I love Philippa Gregory's books especially The Boleyn Girl but this book had me from the beginning and never wanted it to end. Saw part of filming for White Princess over the summer at Wells Cathedral and can't wait to see the whole story on TV.
I know the author must like challenges, (she's a master writer), but Margaret was downright tiresome as a main character: I admire the author's ability to weave a story but seeing the story to it's end was like serving on jury duty.
I liked the way the story took on the perspective of the oldest Tudor Princess, Margaret. It is her descendants that lead to the current serving royals in England.

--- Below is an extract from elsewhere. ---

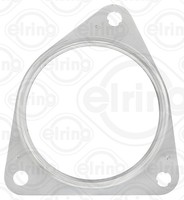 Dichtung Abgasrohr Elring 997.340 FüR Volvo V90 2 235 S90 234 S60 134 XC60 246 1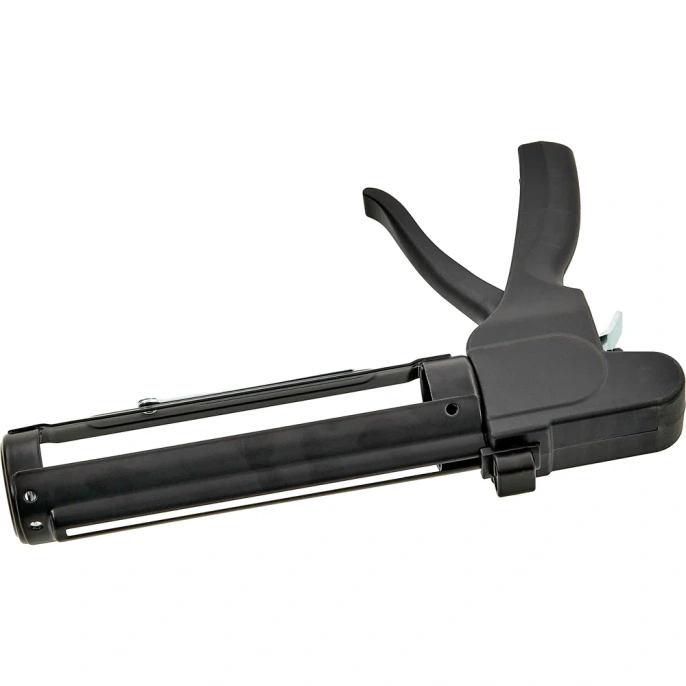 Универсальный пистолет для герметика и силикона Inforce 01-13-08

Fascinating to think what life was like for her during this time.
I have looked forward to reading this book, and now that I have, I can say that it was an educational experience, as historical fiction should be.
While I know much more about Katherine and Mary, it was interesting reading through this speculation about Margaret's life. Ms. Gregory admits there is not much in the historical record concerning Margaret, but nonetheless, Ms. Gregory wove a believable story with the information available. So much so, that I was intrigued enough to search her bibliography for more information about Margaret and ordered one book, and in the process of ordering, found another.
I have been to Edinburgh Castle and Sterling Castle numerous times, (Sterling, Scotland being one of my favorite places to visit among extensive travel throughout western and Eastern Europe) and could easily envision everything depicted in this novel.
This book was well worth waiting for, as all of her books are. Well done, Philippe Gregory! Can't wait for the next one!
I didn't enjoy this one as much as "The Other Boleyn Girl" or "The White Queen." It is written in the voice of the main character, Margaret Tudor, thoughout her life. Fortunately, her narration matures as she does, and even though I understand the author's intent, I found it tedious until the last third of the book. The fictionalized account of her place in history is definitely an interesting read.
This is no way Philippa Gregory's finest offer; in fact, In my opinion, this is her worst novel. The three queens: Margaret, Mary, and Katherine are portrayed as simpering, manipulative, conniving women who are easily pacified with articles of clothing and wads of silk fabric! And then in the end Gregory proselytize in Mary's voice about the importance of sisterhood. There is no sisterhood in this pulp, only capital gains for Ms. Gregory. What a disappointment.
Very disappointed in this book. It was so repetitive and felt like reading a soap opera.